Fear and Living

Dame Judi Dench is perhaps, the greatest living actor in my opinion. A woman with astonishing talent, winner of academy awards, SAG awards, BAFTA, Golden Globe, and dozens more spanning her sixty year career.

Judi says, that she lives as an artist in constant fear. “I have a fear of everything – of not fitting into that slot, of not fulfilling that piece you are asked to do. I get more frightened [the more I do]. The more you do, the more frightening it is anyway as you are much more aware.”

These comments, I first read almost two years ago, and they’ve stuck with me… resonated in a deep part of me as an artist.

Every book I sit down with, frightens me. Every time I push the little button that starts my microphone to life, click the record feature in my computer, I step through a wash of fear. Will it work? Will I hit the notes? Will I be boring? Will people like it?
…. Will I ever work again?

I’ve learned, much I think as Judi has done, to shake hands with my fear, offer it a glass of water, and then get down to business. The fear comes, every single time, but the fear cannot give the performance.

Much of the way I work is entirely solo… actually, I think that gives me a fine sense of empathy for our amazing author friends. I work, in my booth, in my studio, completely separated from the world. No engineer, no director, no other actors. Just me, and the text. All the decisions on character, pacing, voice, inflection, emotion, humor are interpretations I am left to make alone from the text. It’s exhilarating, freeing; terrifying.
With every book, I sometimes imagine myself, leaping from the top of an impossibly tall building and spreading the wings of my art. Catching the updrafts of story and subtext. Riding the turbulence of conflict, soaring through the narrative until I finally come to rest, tired and sore, far from where I started. Every time, I imagine the wings cracking. I imagine falling and failing and winding up a battered husk, lost in the story; and I make a conscious willful effort to leap anyway, to believe.

When I sit with a cup of coffee and look at the sky, or sit on a porch in the evening and ponder… I wonder. Is fear the heartbeat of life?
We dream of heights and creations, both of the hands and of the mind, and we set out to create them. We stretch ourselves, stretch our communities, our minds, our hearts. We dream bigger, love harder, sail farther. Commit our souls to paper and to string and to voice and lay them bare for the world to review.

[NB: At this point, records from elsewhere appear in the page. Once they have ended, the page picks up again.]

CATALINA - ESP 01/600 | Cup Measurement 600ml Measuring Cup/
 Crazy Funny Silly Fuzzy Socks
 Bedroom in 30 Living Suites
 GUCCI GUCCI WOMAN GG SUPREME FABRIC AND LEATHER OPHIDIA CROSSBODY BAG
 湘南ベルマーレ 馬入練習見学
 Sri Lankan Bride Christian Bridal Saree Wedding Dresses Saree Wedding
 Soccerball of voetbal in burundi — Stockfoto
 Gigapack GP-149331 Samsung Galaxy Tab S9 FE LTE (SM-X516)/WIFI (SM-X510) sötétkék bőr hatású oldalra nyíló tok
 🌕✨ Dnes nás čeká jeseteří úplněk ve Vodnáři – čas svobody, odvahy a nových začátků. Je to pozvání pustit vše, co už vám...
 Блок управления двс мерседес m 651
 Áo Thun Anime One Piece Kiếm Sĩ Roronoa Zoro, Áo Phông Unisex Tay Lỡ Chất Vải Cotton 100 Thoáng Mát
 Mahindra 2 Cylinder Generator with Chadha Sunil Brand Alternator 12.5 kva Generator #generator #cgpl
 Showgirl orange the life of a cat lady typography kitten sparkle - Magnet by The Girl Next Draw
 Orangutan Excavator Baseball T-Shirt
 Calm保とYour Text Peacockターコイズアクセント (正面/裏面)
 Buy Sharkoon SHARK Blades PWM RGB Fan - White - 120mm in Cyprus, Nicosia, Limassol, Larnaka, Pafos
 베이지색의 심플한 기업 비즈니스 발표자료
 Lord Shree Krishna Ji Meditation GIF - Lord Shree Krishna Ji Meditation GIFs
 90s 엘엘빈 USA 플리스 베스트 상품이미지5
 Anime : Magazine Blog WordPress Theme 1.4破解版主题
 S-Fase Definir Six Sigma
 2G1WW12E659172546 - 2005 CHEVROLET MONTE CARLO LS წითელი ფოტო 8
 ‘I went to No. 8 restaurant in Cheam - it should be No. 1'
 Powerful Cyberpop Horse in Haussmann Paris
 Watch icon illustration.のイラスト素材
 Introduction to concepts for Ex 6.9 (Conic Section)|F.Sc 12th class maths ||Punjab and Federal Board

Life is not safe. Life is not boring; and art is life writ across the skies.

I am constantly afraid.

Every work I do, every person I love, every day my child grows… my fear grows with it. Because I am alive, and the fear reminds me that I am neither dead in body, nor in soul.

My fear is not me, my fear does not do the things I do, it does not create, it does not heal or love or sing or dance. It is the heartbeat of my soul doing these things, it is the footprints I leave as I do them.

 

I wouldn’t be without my fear for anything.

2 Responses

  1. 16forward
    16forward at |

    My fear…It is the heartbeat of my soul doing these things, it is the footprints I leave as I do them.

    I wouldn’t be without my fear for anything.

    Beautifully said.

    Reply
  2. jaimesamms
    jaimesamms at |

    I think the greatest lie the world has been told is that life without fear is possible.

    The more you know, the more you fear, in life, and especially in art. Oh to be that young, naive writer who didn’t know there were rules to be broken, and so had no fear of going too far. I watch my own daughter embark on her life of dance and writing and it’s all I can do not to instill my fear in her, but let her fly on her own wings and see where the wind takes her.

    Terrifying. But I would not change it for anything.